TOP ABSTRACT INTRODUCTION MATERIALS AND METHODS RESULTS DISCUSSION REFERENCES

 
With the widespread use oral rehydration therapy strategies, diarrheal disease deaths have declined substantially in the developing world.^1,2 Diarrhea morbidity has not had a concomitant decrease, with one report estimating 3 to 5 billion diarrhea cases occurring worldwide each year, mostly among children.^1,3 Clearly, more needs to be done to reduce diarrheal diseases including deployment of enteric vaccines.
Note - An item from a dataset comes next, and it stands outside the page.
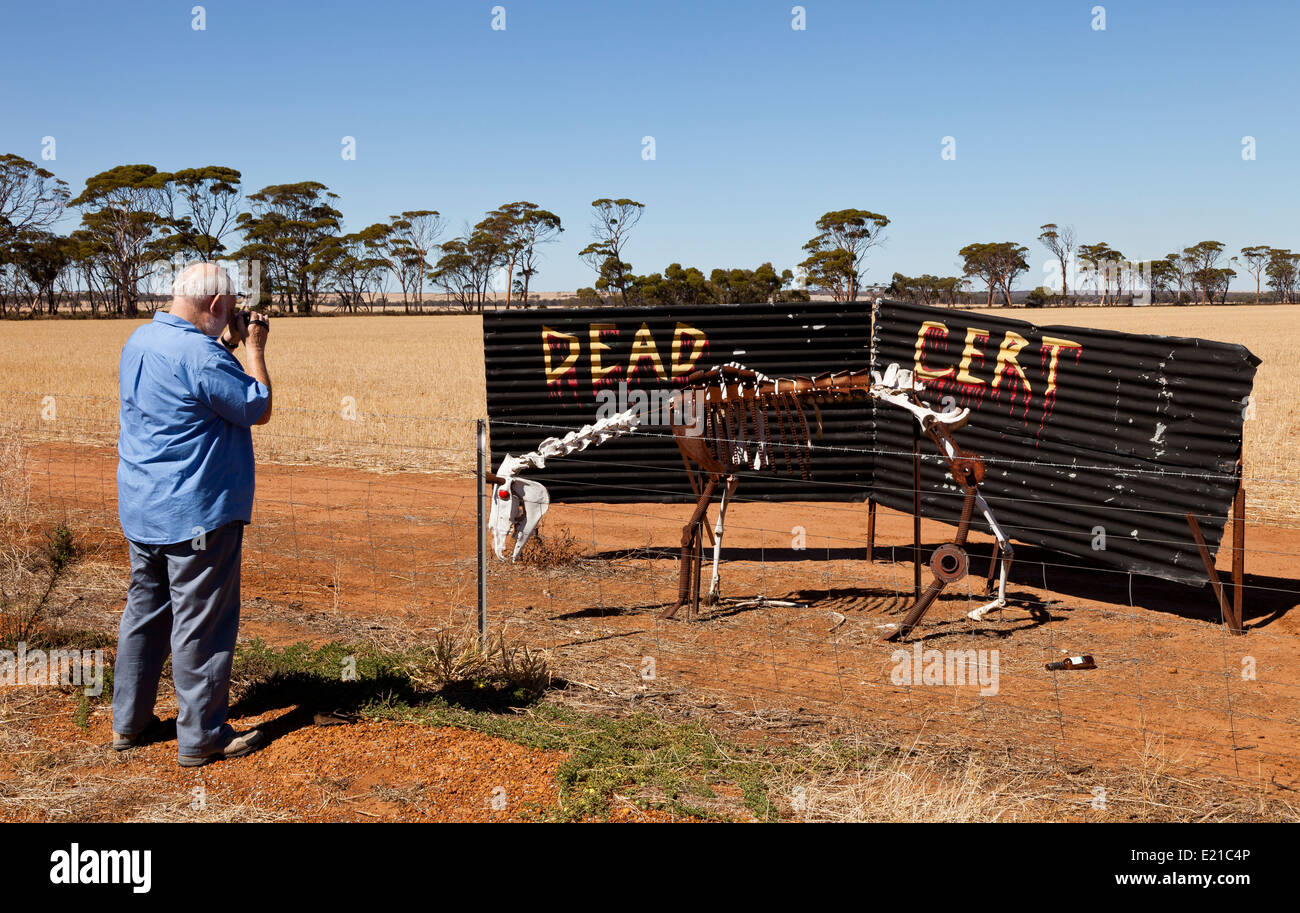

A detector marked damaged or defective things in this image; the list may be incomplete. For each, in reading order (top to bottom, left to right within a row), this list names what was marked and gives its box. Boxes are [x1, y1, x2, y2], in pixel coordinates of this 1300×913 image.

rusty metal sculpture [486, 360, 1012, 636]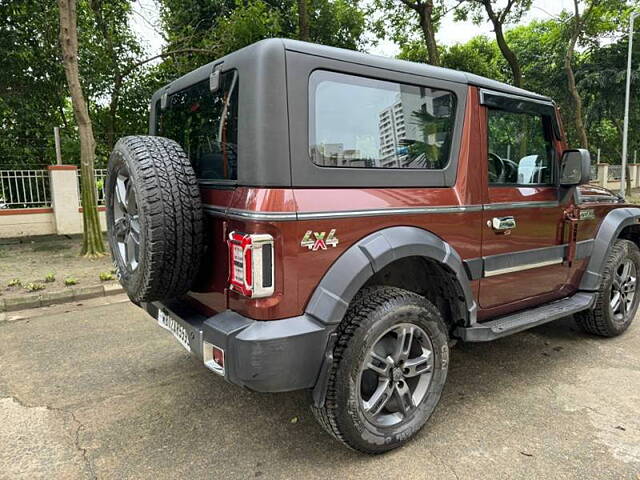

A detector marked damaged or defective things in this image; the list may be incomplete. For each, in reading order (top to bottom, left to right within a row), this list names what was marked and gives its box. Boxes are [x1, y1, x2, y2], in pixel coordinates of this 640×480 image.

cracked pavement [1, 298, 640, 478]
Since 1992, we have performed several longitudinal, village-based studies using active case detection to examine the epidemiology of pediatric diarrhea in Egyptian children.^4–9 As in other developing countries, these projects demonstrate that diarrheal diseases continue to be a major disease burden. All-cause diarrhea was 2.9 and 5.5 episodes per child-year of follow-up among children less than 3 years of age in Abees and Abu Homos, respectively.^4,6,8 Enterotoxigenic Escherichia coli (ETEC) was commonly isolated with 0.6 episodes and 1.5 episodes per child-year for the same two areas, respectively.^4,8 Besides ETEC, Campylobacter, rotavirus, and Shigella have been isolated in 0.6, 0.24, and 0.2 episodes per child-year.^5,8,9 For these enteropathogens, dehydration varied from a low of 12% for ETEC-associated to a high of 56% for rotavirus-associated diarrhea.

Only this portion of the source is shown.